Million Dollar Question
laurence.horn at YALE.EDU
Wed May 26 18:27:06 UTC 2010
At 2:10 PM -0400 5/26/10, George Thompson wrote:
>There was a radio show in the 40s called Double or Nothing that was
>based on a quiz, with prizes ascending to $64. The punchline of the
>show seems to have been "are you ready for the $64 question?" I
>don't recall the show at all -- but my mohter would use the
>expression "that's the $64 question", meaning that's the major issue.
Exactly my experience (only with my own mother, not GAT's); I would
have been too young for the radio show, but heard about it from my
parents when I was puzzled by their apparently puzzling habit of
dividing the payoff (in the expression) by 1000.
> The show premiered in 1940, continued through 1954 -- this
>according to On the Air: The Encycl. of Old-Time Radio. It spawned
>a show called "The $64,000 Question", on TV, beginning in 1955 --
>This was the show that sent xxx Van Doren* into a mire of infamy,
>when it was revealed that he had been fed the answers to the $64,000
>question. As I recall, some of our more useless politicians raced
>to the scene, holding hearings and proposing to make it a federal
>offense to rig TV game shows. Fortunately, the country had no
>problems at the time, only segregation and a few other matters, and
>so Congress was free to deal with this crisis.
>* I forget his name: Charles, Jr.? He was the son of either Charles
>or Mark, noted men of letters of the era.

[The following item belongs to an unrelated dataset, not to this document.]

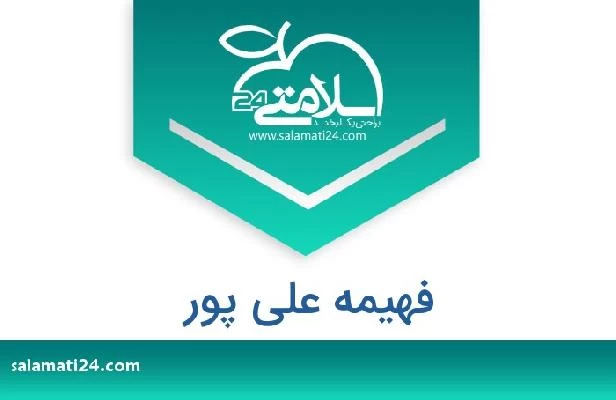 تلفن و سایت فهیمه علی پور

Charles Van Doren; Mark was his father. Both were noted men of
letters. The show was "21", hosted by Jack Barry. That was actually
the one mired in scandal, although as I recall "The $64,000 question"
and I think other quiz shows were all either implicated or suffered
from guilt by association and cancelled around the same time. It's
"21" that the (quite good) movie "Quiz Show" was based on.